**Activity:** Repeat only these lines, exactly: the first line of the data, the line containing "Systainer³ XXL 337, Light", and every line between them. Pictures stay out.

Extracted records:
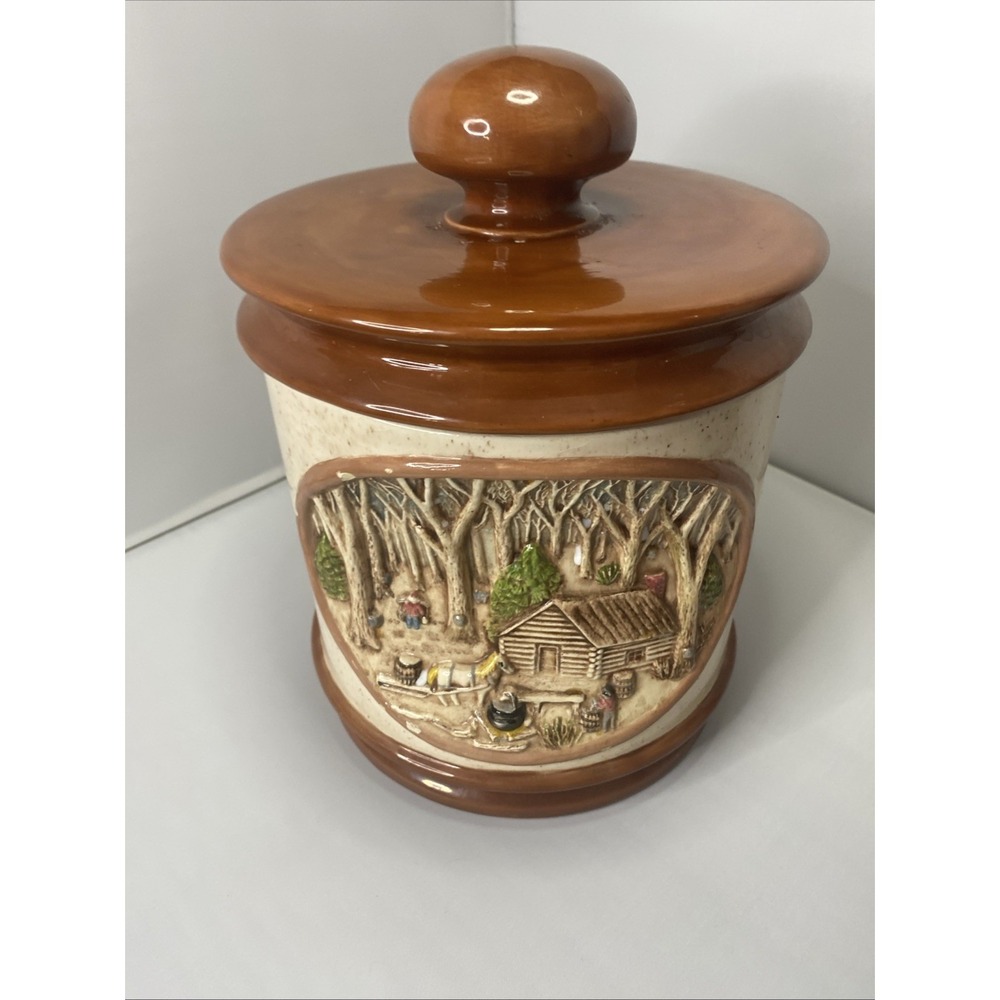 Vintage Hershey Molds 1979 Cookie Jar / Canister, 3D Winter Scene  With Lid Rare - Picture 6 of 11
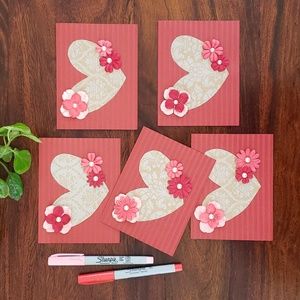 HANDMADE Valentine's Day Note Cards Set of Five Red Pink Hearts Flowers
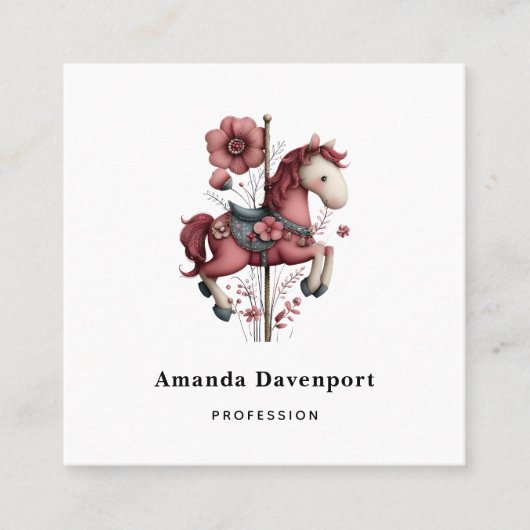 Whimsical Carousel Horse Image スクエア名刺 (正面)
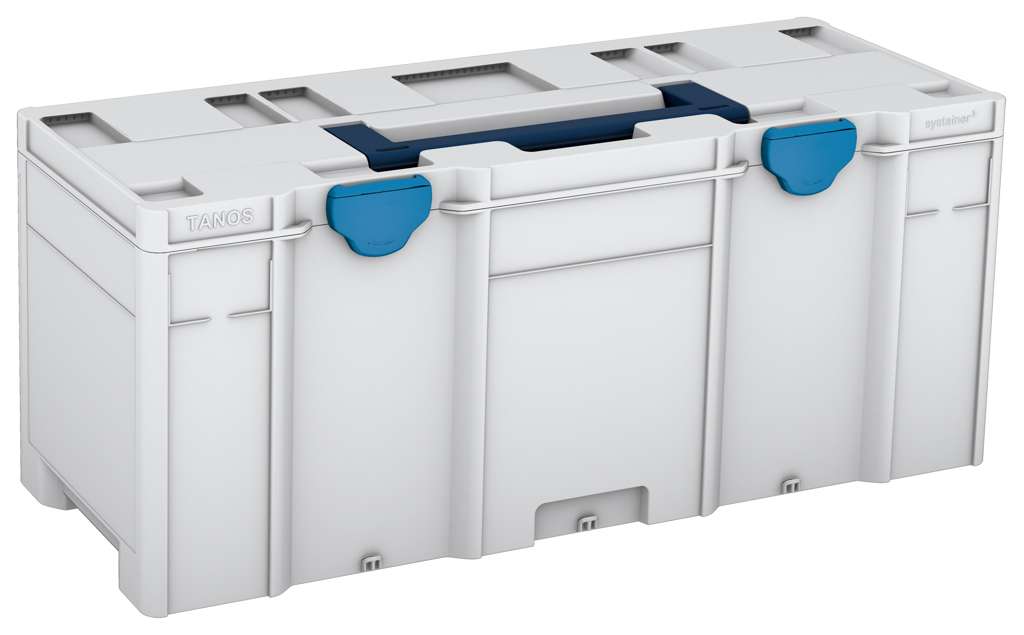 Systainer³ XXL 337, Light Grey with Sapphire Blue lid handle and Sky Blue catches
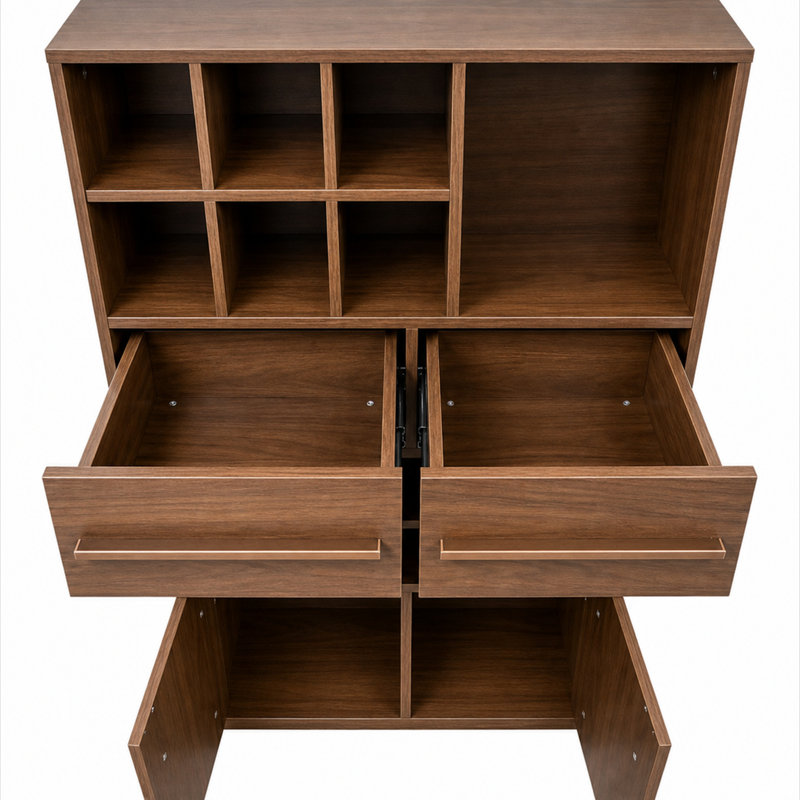 Buffet moderne en noyer avec casier à vin 12 bouteilles et 2 tiroirs, meuble de rangement pour boissons dans la salle à manger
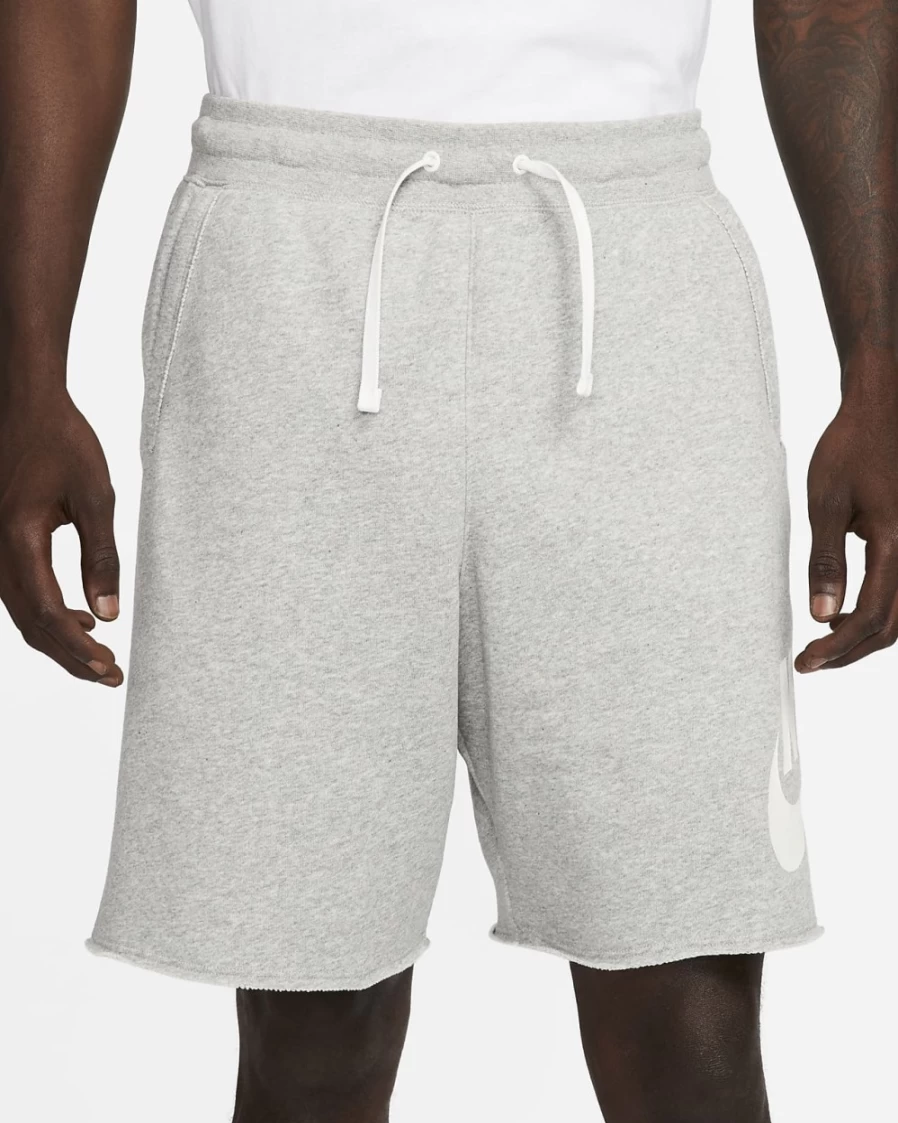 Nike Club Alumni Men's French Terry Shorts - Dark Grey Heather/White Athletic Casual Shorts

**Output of the exercise:**
 Vintage Hershey Molds 1979 Cookie Jar / Canister, 3D Winter Scene  With Lid Rare - Picture 6 of 11
 HANDMADE Valentine's Day Note Cards Set of Five Red Pink Hearts Flowers
 Whimsical Carousel Horse Image スクエア名刺 (正面)
 Systainer³ XXL 337, Light Grey with Sapphire Blue lid handle and Sky Blue catches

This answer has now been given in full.